STEVEN ALAN REISS (Gregory Silbert, David Yolkut, on the brief), Weil,
Gotshal & Manges LLP, New York, NY, for Defendant-Appellee.
CHARLES W. SCARBOROUGH , Appellate Staff (Michael S. Raab, Appellate
Staff, on the brief), for Tony West, Assistant Attorney General, U.S.
Department of Justice, Civil Division, Washington, DC; Jeannette Vargas,
Assistant United States Attorney, for Preet Bharara, United States
Attorney, Southern District of New York, New York, New York, for
Amicus Curiae the United States of America.
KATHERINE Y.K. CHEUNG (Rae T. Vann, on the brief), Norris, Tysse, Lampley
& Lakis, LLP, Washington, DC, for Amicus Curiae the Equal Employment
Advisory Council.
_______________
KATZMANN , Circuit Judge:
The Vietnam Era Veterans Readjustment Assistance Act (“VEVRAA”), 38 U.S.C. §
4212, requires contractors doing business with federal government entities to submit annual
2
reports to the Secretary of Labor providing information about the number of veterans employed
by the contractor (the “VETS-100 reports”). Plaintiff-Appellant Daniel Kirk brought this qui tam
action on behalf of the United States government under the False Claims Act (“FCA”), 31 U.S.C.
§ 3729 et seq., alleging that his former employer, Defendant-Appellee Schindler Elevator Corp.
(“Schindler”), obtained government contracts while representing that it had filed the required
VETS-100 reports, when in fact it either had failed to file a report or had filed a false report for
the relevant years. Kirk based his allegations in large part on information he obtained after
submitting requests under the Freedom of Information Act (“FOIA”), 5 U.S.C. § 552.

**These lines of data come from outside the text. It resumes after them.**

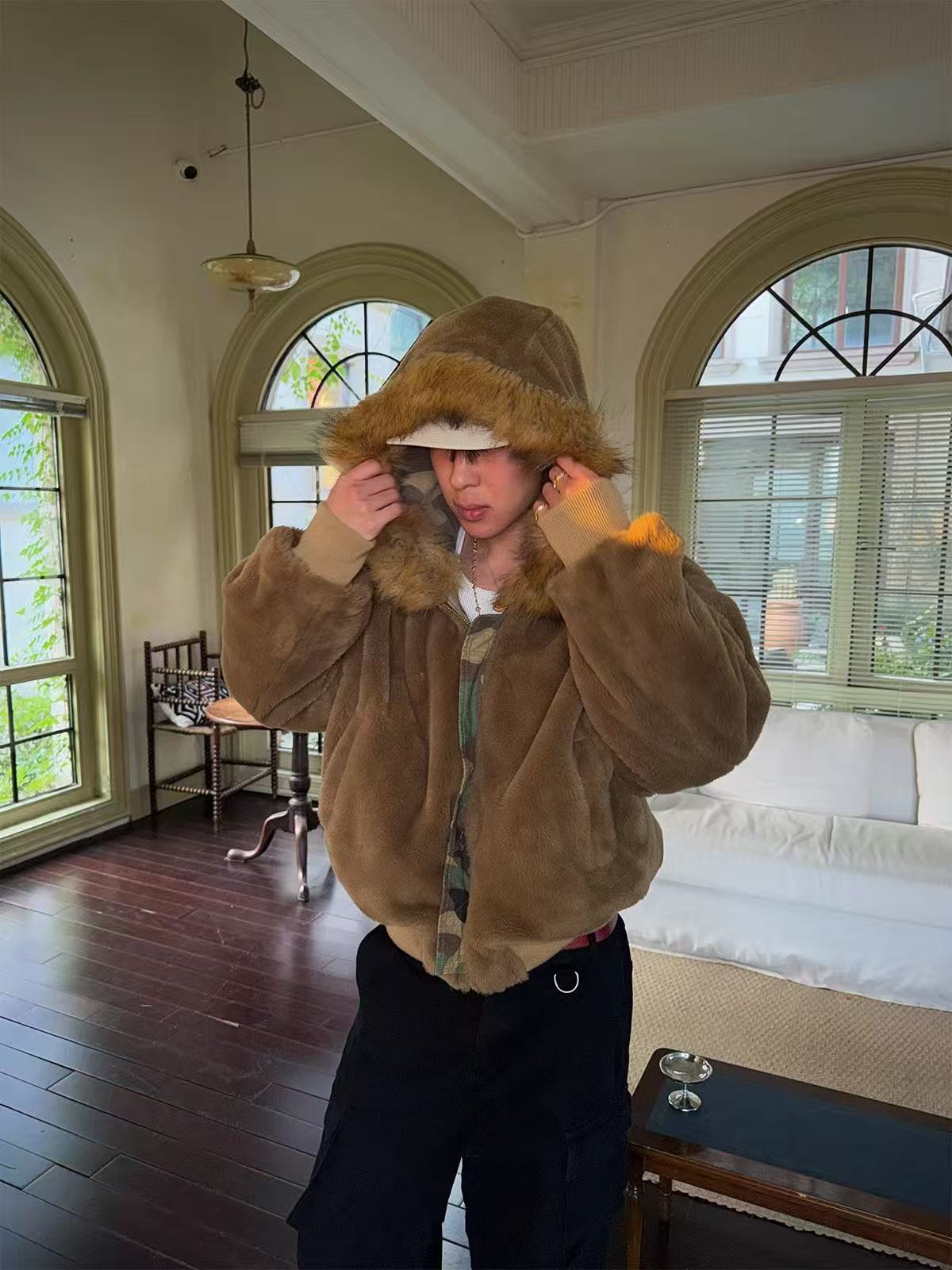 Reversible Camo Fur Collar Hooded Jacket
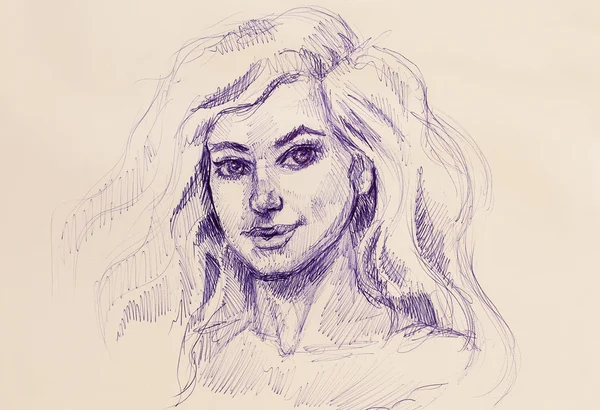 Stylo femme dessin sur vieux papier, contact visuel . — Photo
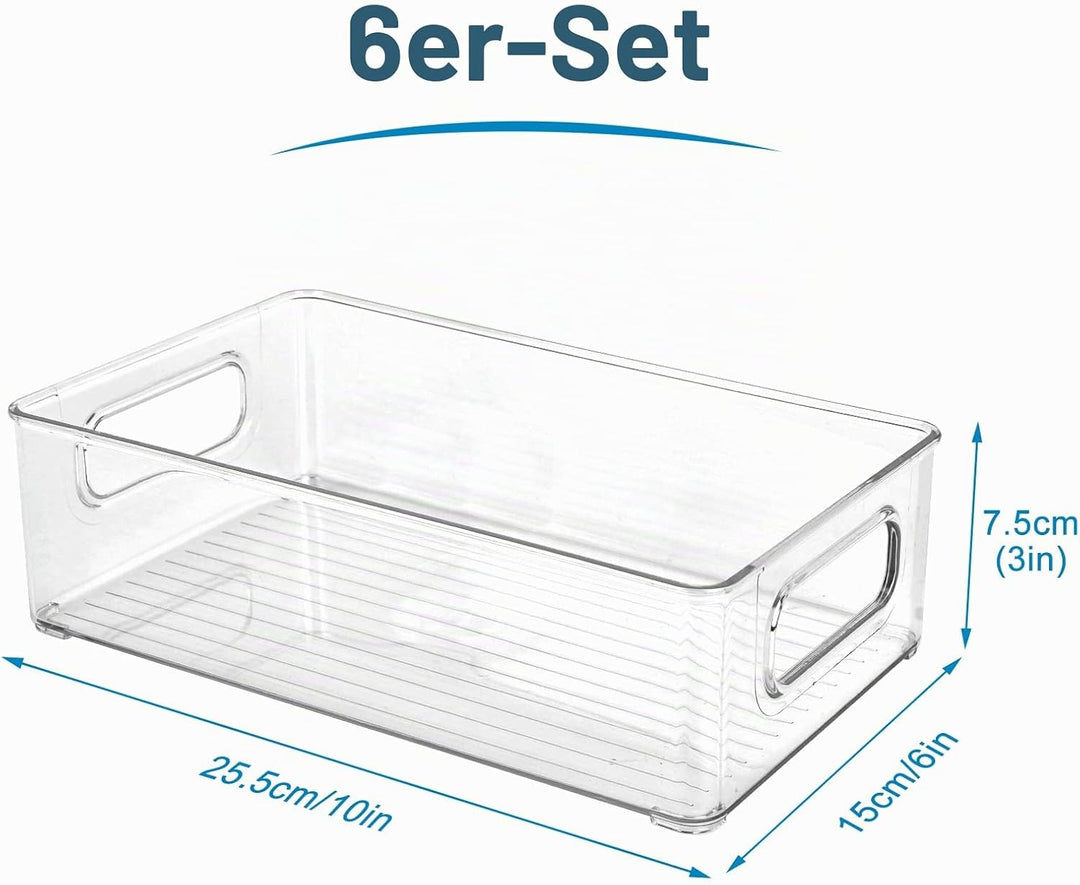 Herrfilk Kühlschrank Organizer 6er Set, Durchsichtig Stapelbare Aufbewahrungsbox mit Griff, Tidy Fri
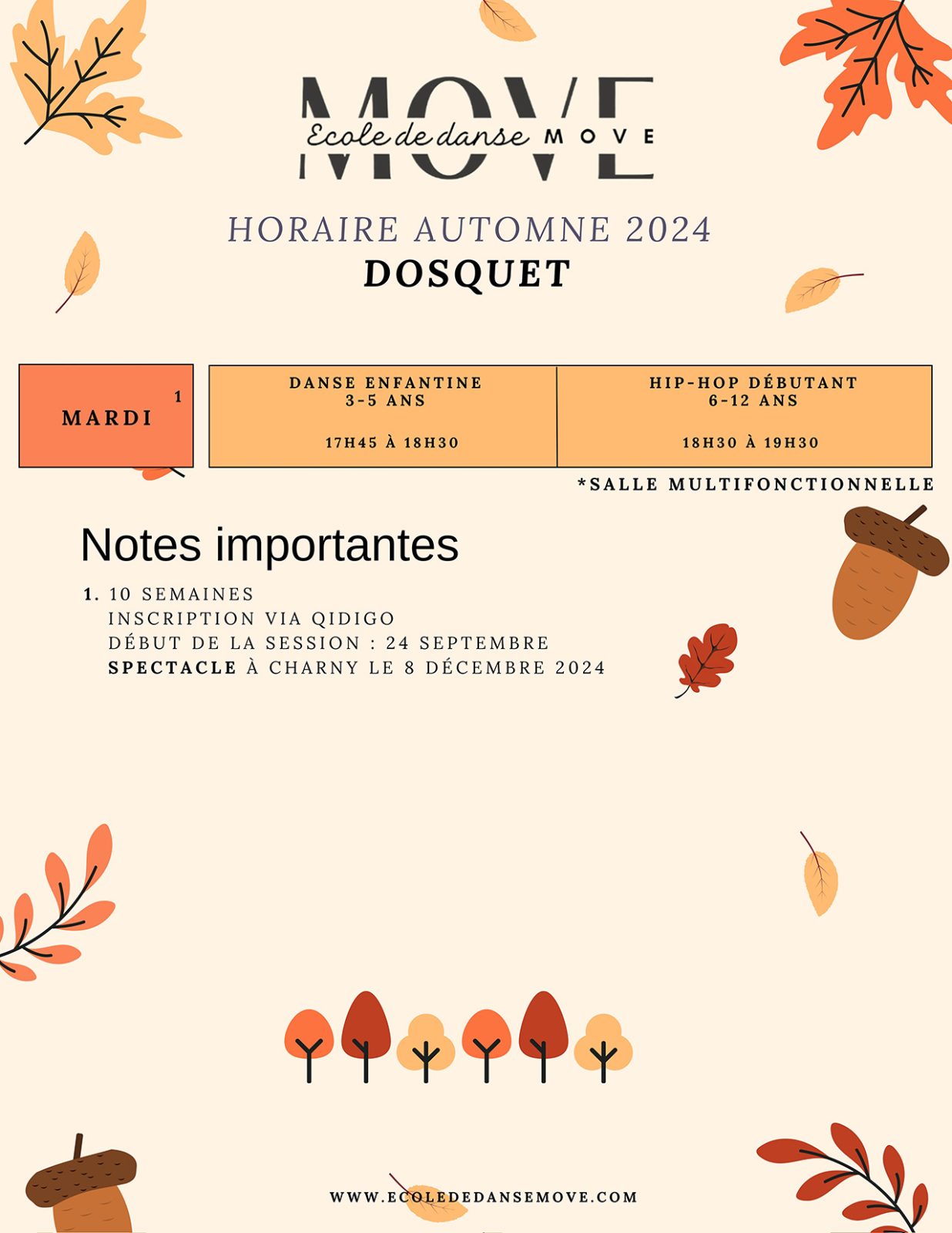 Horaire Danse - AUTOMNE - Dosquet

This case calls on us to decide a question of first impression in this Circuit: whether the
FCA’s jurisdictional bar, 31 U.S.C. § 3730(e)(4)(A), which provides that “[n]o court shall have
jurisdiction over an action under this section based upon the public disclosure of allegations or
transactions in . . . a congressional, administrative, or Government Accounting Office report,
hearing, audit, or investigation,” applies when the plaintiff’s allegations are based on materials
produced in response to a FOIA request. Our sister Circuits are divided on this issue. If the
jurisdictional bar does not apply, this case also presents the question whether Schindler may be
held liable under the FCA for (1) failing to file VETS-100 reports, and (2) filing false VETS-100
reports.
We hold that the answer to the question whether a document obtained in response to a
FOIA request qualifies as an enumerated source under 31 U.S.C. § 3730(e)(4)(A) depends on the
nature of the document itself; the FCA’s jurisdictional bar applies only when the document is a
“congressional, administrative, or Government Accounting Office report, hearing, audit, or
investigation.” We further hold that Kirk stated valid claims under the FCA when he alleged that
3
(1) Schindler had failed to file VETS-100 reports for certain years, and (2) Schindler had filed
false VETS-100 reports for certain years. We vacate the judgment of the district court and
remand for further proceedings consistent with this opinion.
BACKGROUND
The FCA is designed to help combat fraud against the federal government by persons
who provide goods and services to it. See United States ex rel. Doe v. John Doe Corp., 960 F.2d
318, 319 (2d Cir. 1992). It establishes liability for persons who submit false claims for payment
to the government, 31 U.S.C. § 3729(a)(1), and it contains a variety of measures designed to
enhance deterrence and enforcement. These include, for example, a treble damages provision,
id., and — central to this case — qui tam provisions that allow private citizens who learn of
fraud to bring suit in the name of the government and to share in any recovery, id. § 3730(b)-(d).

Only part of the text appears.